## [RECORDED DATA]
================================

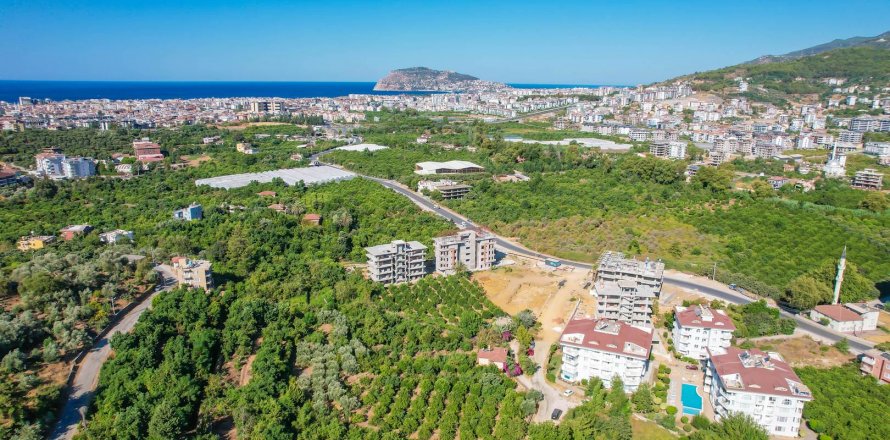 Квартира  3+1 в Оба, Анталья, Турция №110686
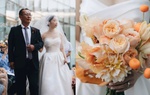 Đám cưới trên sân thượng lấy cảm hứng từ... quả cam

================================

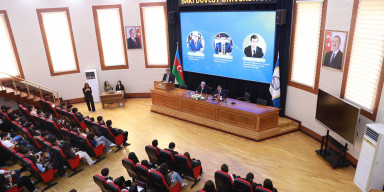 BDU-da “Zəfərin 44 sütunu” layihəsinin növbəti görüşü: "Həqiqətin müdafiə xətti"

================================

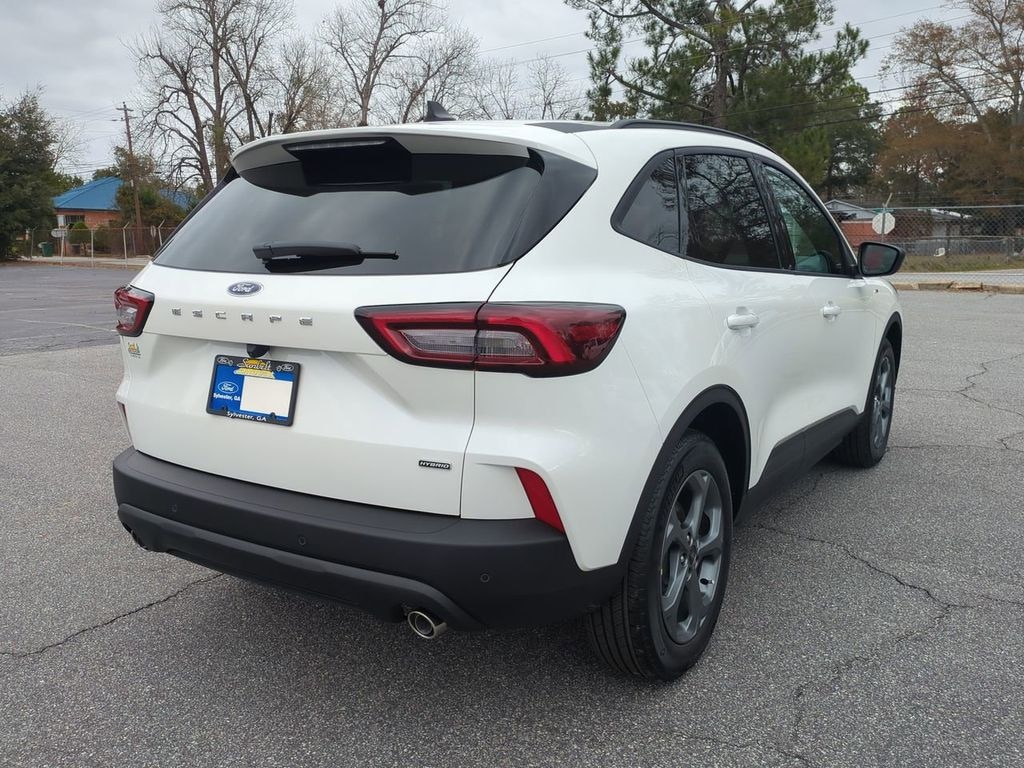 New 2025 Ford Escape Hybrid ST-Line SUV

================================

## [WORK ORDER]
Starting with the line that contains "Анталья, Турция №110686" and finishing with the line that contains "Đám cưới trên", reproduce every line of the material above exactly, but not the pictures.

## [ANSWER TO THE EXERCISE]
 Квартира  3+1 в Оба, Анталья, Турция №110686
 Đám cưới trên sân thượng lấy cảm hứng từ... quả cam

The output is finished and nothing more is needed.